Work item - Among the records that follow, find the line with "Violoncello Concerto in B flat major G 482" and the line with "Edwin M. Knowles". Set down those lines and all lines between them exactly, without adding anything.

Data for this exercise -
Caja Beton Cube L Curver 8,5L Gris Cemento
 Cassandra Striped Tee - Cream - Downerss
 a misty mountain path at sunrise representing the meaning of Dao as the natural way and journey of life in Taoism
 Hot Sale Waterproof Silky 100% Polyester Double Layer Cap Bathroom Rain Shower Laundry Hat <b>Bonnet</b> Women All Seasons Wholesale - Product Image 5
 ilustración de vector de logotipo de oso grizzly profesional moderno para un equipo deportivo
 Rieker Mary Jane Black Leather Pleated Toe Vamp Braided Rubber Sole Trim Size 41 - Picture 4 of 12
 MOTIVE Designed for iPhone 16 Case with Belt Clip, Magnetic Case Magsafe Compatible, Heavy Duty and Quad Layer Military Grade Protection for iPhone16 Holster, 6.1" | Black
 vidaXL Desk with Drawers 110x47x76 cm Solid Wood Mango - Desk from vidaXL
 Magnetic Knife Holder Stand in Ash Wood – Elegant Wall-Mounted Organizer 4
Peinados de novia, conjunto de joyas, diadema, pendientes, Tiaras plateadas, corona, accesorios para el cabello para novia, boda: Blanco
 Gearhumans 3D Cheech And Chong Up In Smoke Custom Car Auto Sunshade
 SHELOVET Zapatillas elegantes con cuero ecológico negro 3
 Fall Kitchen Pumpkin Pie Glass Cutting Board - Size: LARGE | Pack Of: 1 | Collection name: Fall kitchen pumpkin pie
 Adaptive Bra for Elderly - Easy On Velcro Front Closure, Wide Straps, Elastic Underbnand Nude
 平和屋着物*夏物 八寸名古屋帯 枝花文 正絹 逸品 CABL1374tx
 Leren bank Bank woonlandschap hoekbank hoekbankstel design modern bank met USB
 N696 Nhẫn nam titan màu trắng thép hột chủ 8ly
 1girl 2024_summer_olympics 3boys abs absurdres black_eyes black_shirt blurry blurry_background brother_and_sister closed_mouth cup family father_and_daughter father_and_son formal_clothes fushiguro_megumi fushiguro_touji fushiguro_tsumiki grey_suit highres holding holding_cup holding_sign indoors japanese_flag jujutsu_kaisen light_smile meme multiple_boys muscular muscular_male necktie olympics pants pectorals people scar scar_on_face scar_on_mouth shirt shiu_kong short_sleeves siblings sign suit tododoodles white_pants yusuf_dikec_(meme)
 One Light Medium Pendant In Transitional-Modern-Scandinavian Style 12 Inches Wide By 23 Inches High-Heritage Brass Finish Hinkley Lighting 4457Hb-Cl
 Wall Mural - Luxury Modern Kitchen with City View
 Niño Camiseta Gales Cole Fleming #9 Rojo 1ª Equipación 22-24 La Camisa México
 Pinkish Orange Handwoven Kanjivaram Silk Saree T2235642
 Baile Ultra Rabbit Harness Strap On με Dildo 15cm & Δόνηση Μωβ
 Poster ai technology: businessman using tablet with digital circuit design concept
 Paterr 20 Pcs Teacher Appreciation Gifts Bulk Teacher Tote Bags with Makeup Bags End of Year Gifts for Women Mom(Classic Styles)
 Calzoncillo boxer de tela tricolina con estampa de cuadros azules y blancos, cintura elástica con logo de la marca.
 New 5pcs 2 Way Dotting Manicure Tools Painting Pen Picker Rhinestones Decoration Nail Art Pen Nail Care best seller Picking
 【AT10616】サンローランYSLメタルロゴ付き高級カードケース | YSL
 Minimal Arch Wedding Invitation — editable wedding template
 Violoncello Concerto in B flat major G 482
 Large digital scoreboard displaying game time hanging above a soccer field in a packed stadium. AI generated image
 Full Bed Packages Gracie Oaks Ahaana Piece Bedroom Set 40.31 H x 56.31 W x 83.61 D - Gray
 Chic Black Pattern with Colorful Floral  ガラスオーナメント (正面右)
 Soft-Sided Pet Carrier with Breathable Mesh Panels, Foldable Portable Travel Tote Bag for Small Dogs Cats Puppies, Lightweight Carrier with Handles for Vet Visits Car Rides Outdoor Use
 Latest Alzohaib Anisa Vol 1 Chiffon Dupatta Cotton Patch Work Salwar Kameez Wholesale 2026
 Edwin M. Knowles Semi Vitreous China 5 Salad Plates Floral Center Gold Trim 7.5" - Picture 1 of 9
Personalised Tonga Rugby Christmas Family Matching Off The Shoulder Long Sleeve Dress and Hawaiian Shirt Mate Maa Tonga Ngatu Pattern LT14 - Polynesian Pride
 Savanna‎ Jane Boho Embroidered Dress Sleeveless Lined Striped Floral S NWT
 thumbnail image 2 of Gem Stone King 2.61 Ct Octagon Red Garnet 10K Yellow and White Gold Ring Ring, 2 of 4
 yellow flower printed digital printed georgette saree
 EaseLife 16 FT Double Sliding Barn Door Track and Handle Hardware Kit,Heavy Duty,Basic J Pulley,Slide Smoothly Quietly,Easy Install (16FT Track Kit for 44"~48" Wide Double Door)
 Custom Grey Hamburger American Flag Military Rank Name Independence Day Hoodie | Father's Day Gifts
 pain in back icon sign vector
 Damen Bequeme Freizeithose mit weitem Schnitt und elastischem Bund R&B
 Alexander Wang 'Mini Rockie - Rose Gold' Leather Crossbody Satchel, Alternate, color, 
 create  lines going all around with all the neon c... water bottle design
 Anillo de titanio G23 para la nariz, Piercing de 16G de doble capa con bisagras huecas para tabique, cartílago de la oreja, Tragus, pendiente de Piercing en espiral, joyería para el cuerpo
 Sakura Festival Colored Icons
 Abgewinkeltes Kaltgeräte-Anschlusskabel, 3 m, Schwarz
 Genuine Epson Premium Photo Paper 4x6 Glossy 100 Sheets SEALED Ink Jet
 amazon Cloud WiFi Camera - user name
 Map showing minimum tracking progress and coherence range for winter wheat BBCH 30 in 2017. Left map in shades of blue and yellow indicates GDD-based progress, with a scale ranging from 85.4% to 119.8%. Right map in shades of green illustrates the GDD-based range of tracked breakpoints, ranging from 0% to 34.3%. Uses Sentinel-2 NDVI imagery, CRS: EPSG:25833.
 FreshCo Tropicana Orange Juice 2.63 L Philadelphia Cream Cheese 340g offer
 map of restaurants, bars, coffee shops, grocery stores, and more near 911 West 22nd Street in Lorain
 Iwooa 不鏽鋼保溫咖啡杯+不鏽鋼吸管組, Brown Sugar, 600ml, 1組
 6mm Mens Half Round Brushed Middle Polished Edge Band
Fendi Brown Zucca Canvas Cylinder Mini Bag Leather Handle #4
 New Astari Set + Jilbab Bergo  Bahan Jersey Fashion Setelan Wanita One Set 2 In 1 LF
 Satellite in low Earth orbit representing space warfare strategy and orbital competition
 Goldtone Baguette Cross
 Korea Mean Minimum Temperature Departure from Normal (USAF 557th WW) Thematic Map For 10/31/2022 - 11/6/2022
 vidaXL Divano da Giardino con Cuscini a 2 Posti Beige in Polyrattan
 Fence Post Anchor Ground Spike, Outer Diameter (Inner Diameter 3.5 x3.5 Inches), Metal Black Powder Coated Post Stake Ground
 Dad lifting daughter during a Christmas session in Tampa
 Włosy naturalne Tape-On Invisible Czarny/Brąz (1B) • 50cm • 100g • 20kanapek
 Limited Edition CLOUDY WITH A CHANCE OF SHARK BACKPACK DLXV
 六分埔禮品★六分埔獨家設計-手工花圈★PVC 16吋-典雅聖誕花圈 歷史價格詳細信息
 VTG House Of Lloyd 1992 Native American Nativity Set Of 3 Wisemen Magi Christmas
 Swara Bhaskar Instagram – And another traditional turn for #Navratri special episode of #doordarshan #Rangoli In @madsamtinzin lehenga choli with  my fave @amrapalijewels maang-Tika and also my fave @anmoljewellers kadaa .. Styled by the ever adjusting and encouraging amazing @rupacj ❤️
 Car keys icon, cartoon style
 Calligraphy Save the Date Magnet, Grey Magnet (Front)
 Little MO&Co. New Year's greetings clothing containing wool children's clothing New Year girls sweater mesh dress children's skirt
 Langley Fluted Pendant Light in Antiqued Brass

Response area -
 Violoncello Concerto in B flat major G 482
 Large digital scoreboard displaying game time hanging above a soccer field in a packed stadium. AI generated image
 Full Bed Packages Gracie Oaks Ahaana Piece Bedroom Set 40.31 H x 56.31 W x 83.61 D - Gray
 Chic Black Pattern with Colorful Floral  ガラスオーナメント (正面右)
 Soft-Sided Pet Carrier with Breathable Mesh Panels, Foldable Portable Travel Tote Bag for Small Dogs Cats Puppies, Lightweight Carrier with Handles for Vet Visits Car Rides Outdoor Use
 Latest Alzohaib Anisa Vol 1 Chiffon Dupatta Cotton Patch Work Salwar Kameez Wholesale 2026
 Edwin M. Knowles Semi Vitreous China 5 Salad Plates Floral Center Gold Trim 7.5" - Picture 1 of 9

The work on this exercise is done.